Please note that I often use slightly different names for the signals than are used on the Q-Bus. E.g. I did not prefix all signals with B for bus and spelt the signals differently, e.g. IACK instead of IAK, A instead of DAL, etc. This was very thoughtless. I’m continuously changing this whenever I make a new revision.
Address/Data Bus Signals
The Address and Data are multiplexed like in a real Q-Bus. However unlike the real Q-Bus the Address/Data signals use positive logic and tri-state buffers. The main reason is because the first trials on the bread-boards did not use bus transceivers. Also later the UART and the CPLD talked directly to the system bus. The UART has also positive logic. Later I tried to use an inverted bus with the CPLD but it always caused problems with WinCUPL. Might also be caused by my limited experience then with CPLD programming at that time. For a short time I was thinking about a redesign to better match the Q-Bus but then I decided it is not worth the effort and it is not necessary in case I want to translate a design to Q-Bus.
Control Bus Signals
The rest of the signals however uses open collector drivers and inverted logic.
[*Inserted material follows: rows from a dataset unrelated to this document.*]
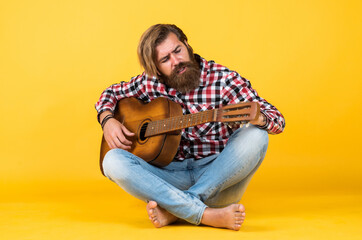 favorite tune. Portrait of happy bearded male playing guitar. a lonely musician. cheerful handsome mature man playing guitar and smiling while sitting on yellow background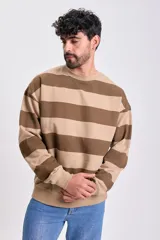 Buzo deportivo de cuello redondo, color beige con rayas horizontales marrones. Tiene mangas largas y puños y dobladillo acanalados.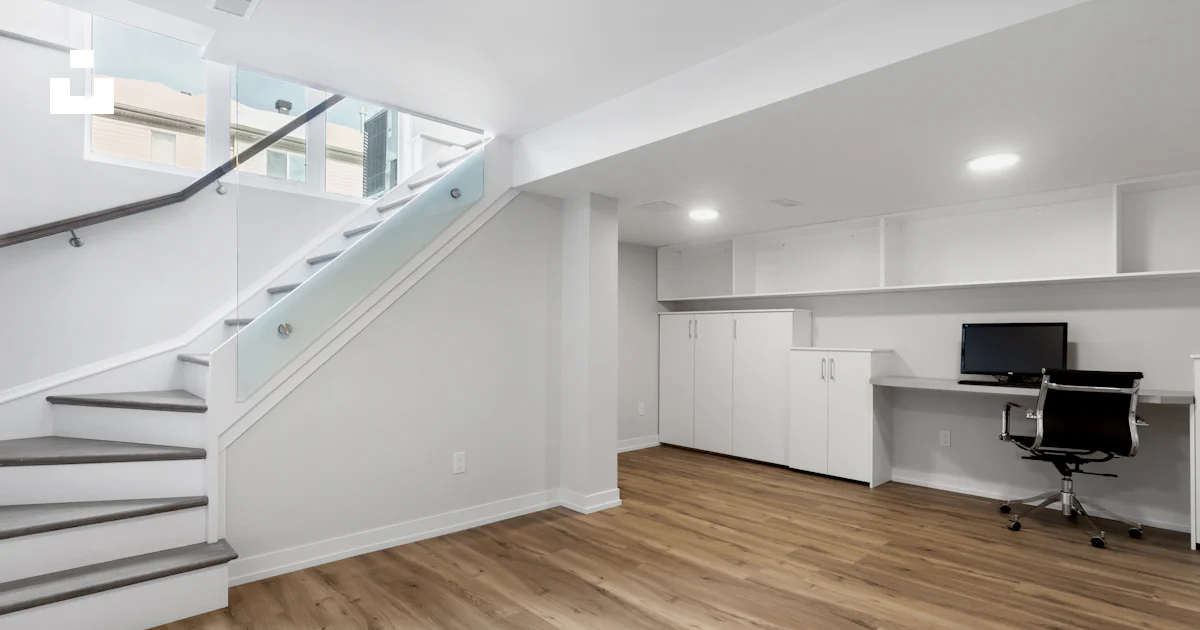 An empty room with a desk, computer, and stairs photo – Free Interior ...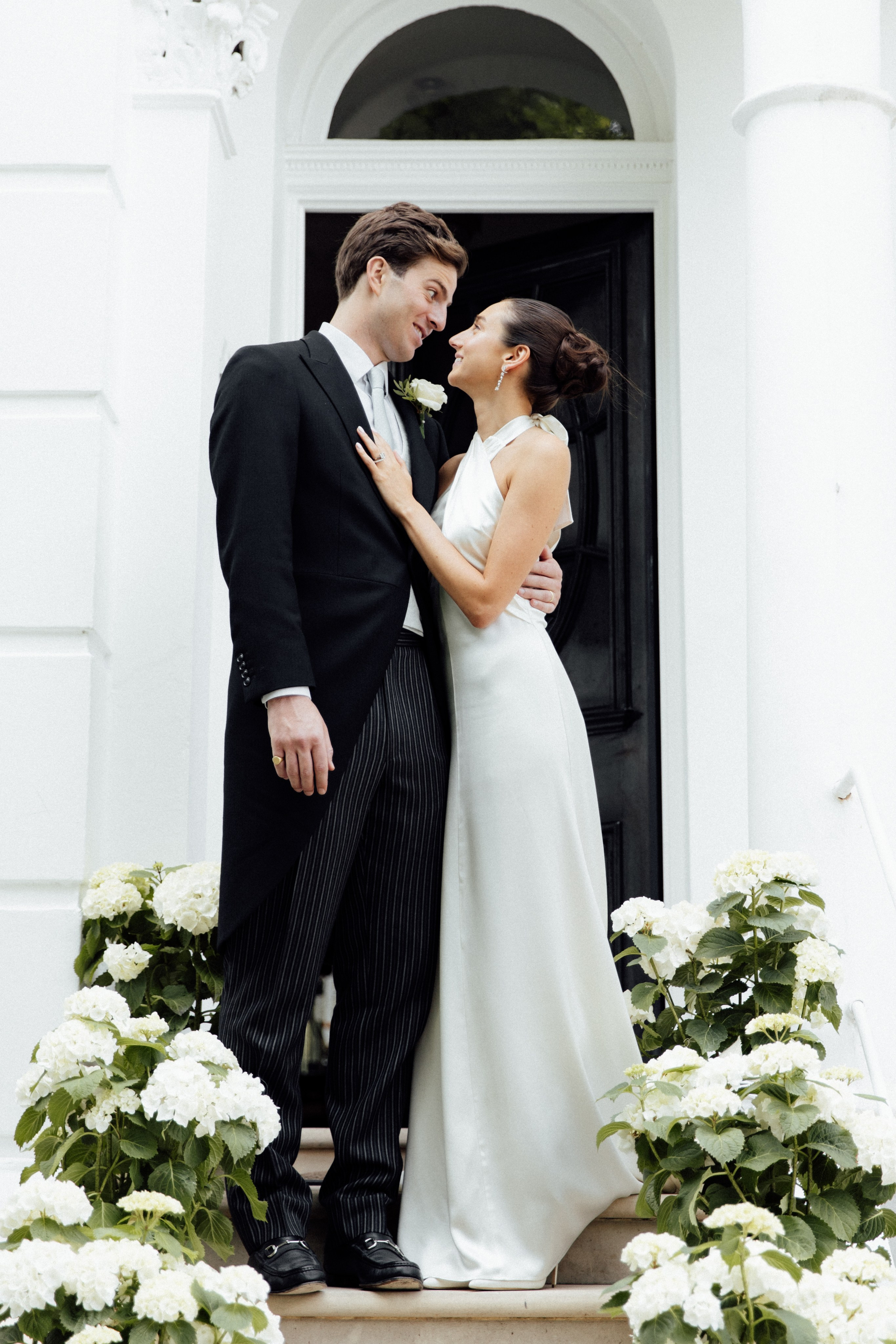Elegant wedding portrait of bride and groom walking through the streets of ParisRomantic elopement moment captured in soft evening light in Paris, FranceLuxury wedding ceremony setup in a historic French venue with natural floralsCandid black and white photo of a couple at their city wedding in London, UKTimeless couple portrait in front of Marylebone Town Hall, LondonEditorial-style bridal preparation in a classic townhouse in the heart of LondonSoft light bridal portrait in a countryside château wedding in FranceFine art flat lay with French-inspired wedding details and vintage texturesCinematic golden hour photo at a UK estate wedding with historic architectureLuxury wedding tablescape with candles and florals at a London reception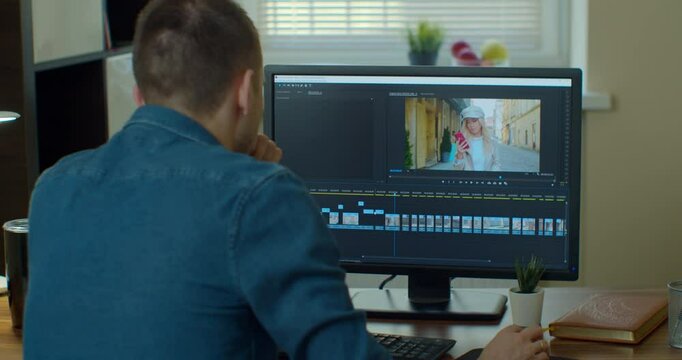 post production and vlog concept - man working in video editor program on laptop computer at home office.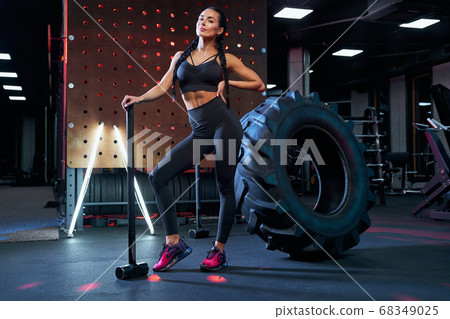 Stunning woman posing with sledgehammer. Stunning woman posing with sledgehammer. 68349025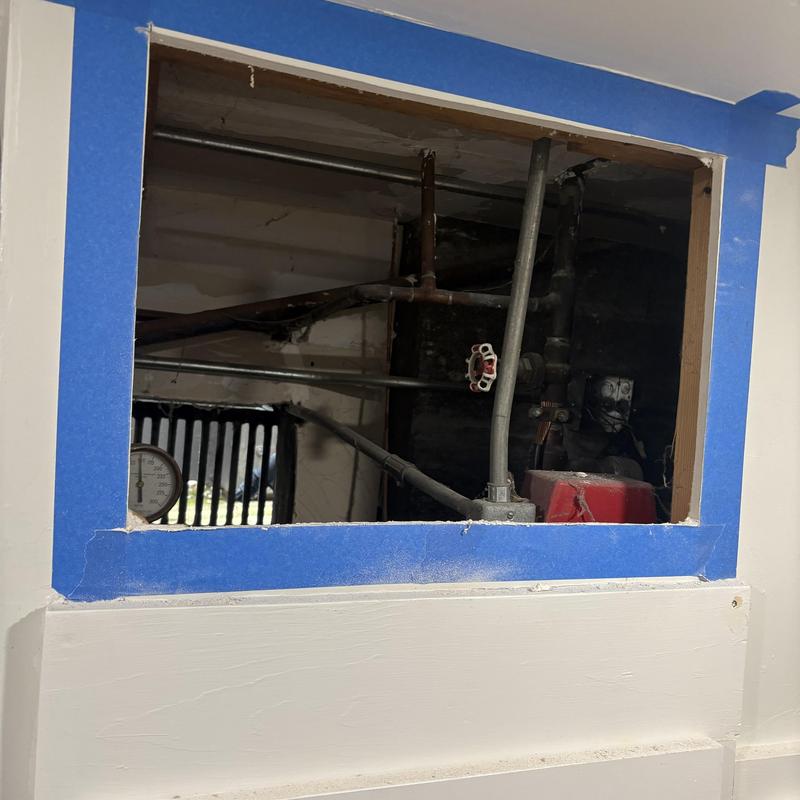 Water heater piping and valve installation in wall cavity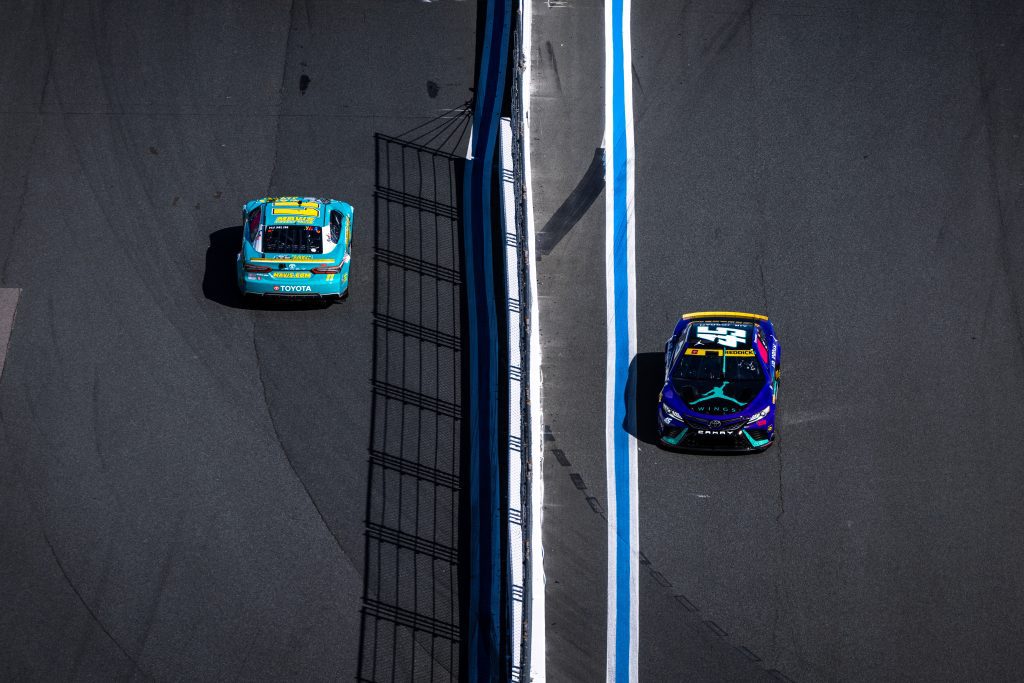 Denny Hamlin, left, and Tyler Reddick race in the NASCAR Cup Series at the Charlotte road course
It seems natural for an asynchronous bus with a lot of bidirectional control signals and the option of multiple masters. At least it is very easy to implement the Q-Bus protocol using open collector outputs. QBUS64 uses the following Q-Bus signals:
|DIN||BDIN||Master read data from slave|
|DOUT||BDOUT||Master write data to slave|
|BS7||BBS7||Bank Select 7 aka IO Page on a PDP-11|
|RPLY||BRPLY||Reply from slave, acknowledge|
|IRQ0||BIRQ4||Interrupt request level 4, currently all boards use this level|
|IRQ1||BIRQ5||Interrupt request level 5|
|IRQ2||BIRQ6||Interrupt request level 6|
|IACKI||BIAKI||Interrupt Acknowledge In Daisy-Chain|
|IACKO||BIAKO||Interrupt Acknowledge Out Daisy-Chain|
|DMR||BDMR||DMA Service Request|
|SACK||BSACK||DMA Service Request Acknowledge|
|DMGI||BDMGI||DMA Grant In Daisy-Chain|
|DMGO||BDMGO||DMA Grant Out Daisy-Chain|
|EVENT||BEVNT||Cyclical Event, System Tick|
The QBUS64 does not implement or does not make use of the following signals
The open collector signals are only terminated on the CPU board. The bus is too short to require termination on both sides. Also I do use a 3.3V voltage and a single pull-up resister, this is the electrical equivalent to the voltage divider setup of the Q-Bus and saves a lot of power. Modern SCSI terminators for example used the same trick.
Initially I thought it would be a good idea to power the system via an USB power supply and therefore added a Type-B connector to the PCB, however I swapped GND and VCC which makes this option unusable. Don’t solder the connector, just use the screw heads as you can see on the picture.